19 giugno 2025

Dare meno soldi alle armi e di più a sanità, scuola e servizi generali.

La gestione economico-finanziaria di un Paese dovrebbe seguire le stesse logiche di una famiglia: stabilire delle priorità in base ai bisogni. L’Italia, non essendo uno Stato florido, dovrebbe scegliere con attenzione, ma il governo sembra avere priorità discutibili, riducendo le spese per la salute e aumentando quelle militari, giustificandole con la necessità di difendere i cittadini da minacce esterne.

Nel 2025 la spesa militare supererà per la prima volta i 30 miliardi, con 13 destinati alle armi. Si prevede un ulteriore incremento al vertice NATO del 25 giugno. In risposta, numerose associazioni organizzano la manifestazione “Stop Rearm Europe”.

Le spese militari sono considerate da molte associazioni uno spreco enorme e insostenibile, specialmente in un Paese dove il 25% della popolazione è a rischio povertà assoluta e 4,5 milioni di persone non si curano perché non possono permetterselo. I fondi per guerra e armamenti potrebbero invece essere destinati a sanità, scuola e trasporti pubblici.

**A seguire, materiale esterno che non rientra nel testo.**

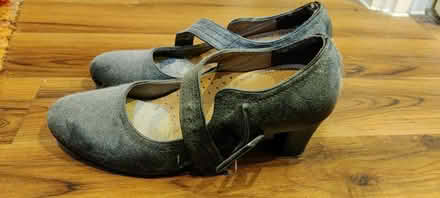 Photo of free Size 3 Mary Janes court shoes (HA0) #2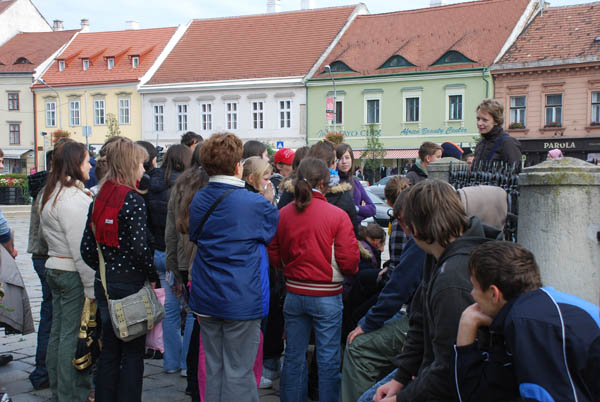 Tourists at Virgin Mary’s Column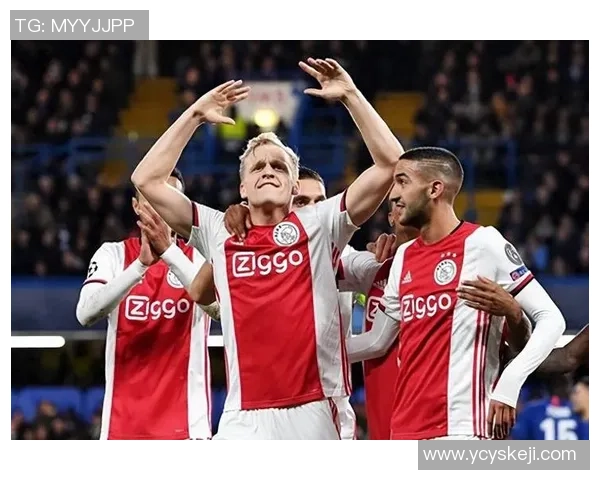 欧联杯精彩对决拜仁3-2逆转曼联帽子戏法点燃全场激情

Anche dal punto di vista occupazionale, la sanità genera più lavoro degli armamenti: 12.000 posti contro 3.000 per ogni miliardo speso.
Secondo Sbilanciamoci!, servono meno armi e più servizi. Tagliando alcune voci di spesa militare, si risparmierebbero miliardi da investire in diritti. Ad esempio, un sottomarino costa quanto 8.000 infermieri per 5 anni, un carro armato come 597 apparecchiature Tac, un cacciabombardiere come 6.500 residenze universitarie. Chi accusa di populismo chi propone questa visione, ignora la realtà quotidiana vissuta da chi non ha accesso ai servizi essenziali. Populista, conclude il testo, è chi spende per le armi mentre i cittadini soffrono.